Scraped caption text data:
————————

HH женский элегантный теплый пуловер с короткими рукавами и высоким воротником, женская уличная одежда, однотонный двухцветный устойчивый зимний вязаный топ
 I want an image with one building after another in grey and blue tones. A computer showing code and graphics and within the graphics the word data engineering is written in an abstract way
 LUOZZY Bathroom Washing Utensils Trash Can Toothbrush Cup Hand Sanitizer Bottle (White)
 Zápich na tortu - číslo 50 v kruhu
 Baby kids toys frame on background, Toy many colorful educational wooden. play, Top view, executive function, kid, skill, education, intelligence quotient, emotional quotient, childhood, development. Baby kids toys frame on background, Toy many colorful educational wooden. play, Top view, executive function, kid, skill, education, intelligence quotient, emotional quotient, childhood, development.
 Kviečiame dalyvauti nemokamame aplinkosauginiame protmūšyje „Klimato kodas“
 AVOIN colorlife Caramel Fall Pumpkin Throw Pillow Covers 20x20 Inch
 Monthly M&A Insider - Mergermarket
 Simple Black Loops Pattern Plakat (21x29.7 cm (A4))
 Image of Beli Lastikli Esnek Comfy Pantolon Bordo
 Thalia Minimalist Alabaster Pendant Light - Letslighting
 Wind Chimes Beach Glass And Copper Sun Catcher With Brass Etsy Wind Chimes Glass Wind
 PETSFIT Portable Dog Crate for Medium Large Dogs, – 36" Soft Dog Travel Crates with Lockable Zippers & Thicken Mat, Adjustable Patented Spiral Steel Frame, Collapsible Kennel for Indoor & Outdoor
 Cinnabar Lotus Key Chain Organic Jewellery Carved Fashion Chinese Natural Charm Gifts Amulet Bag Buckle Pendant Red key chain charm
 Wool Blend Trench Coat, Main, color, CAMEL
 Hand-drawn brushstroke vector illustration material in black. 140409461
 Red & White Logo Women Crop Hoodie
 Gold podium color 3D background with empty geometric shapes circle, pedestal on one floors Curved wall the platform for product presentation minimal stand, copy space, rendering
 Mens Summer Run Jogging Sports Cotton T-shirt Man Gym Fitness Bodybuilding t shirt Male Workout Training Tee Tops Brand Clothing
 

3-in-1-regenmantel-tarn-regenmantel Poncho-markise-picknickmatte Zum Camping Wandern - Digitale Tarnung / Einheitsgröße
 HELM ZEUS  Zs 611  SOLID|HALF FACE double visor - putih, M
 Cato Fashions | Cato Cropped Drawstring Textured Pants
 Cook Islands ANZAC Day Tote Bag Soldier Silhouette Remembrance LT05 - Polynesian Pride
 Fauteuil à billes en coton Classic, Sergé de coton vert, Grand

————————

## Try it
List each line of the entries that holds the string "Pendant".

## Written answer
 Thalia Minimalist Alabaster Pendant Light - Letslighting
 Cinnabar Lotus Key Chain Organic Jewellery Carved Fashion Chinese Natural Charm Gifts Amulet Bag Buckle Pendant Red key chain charm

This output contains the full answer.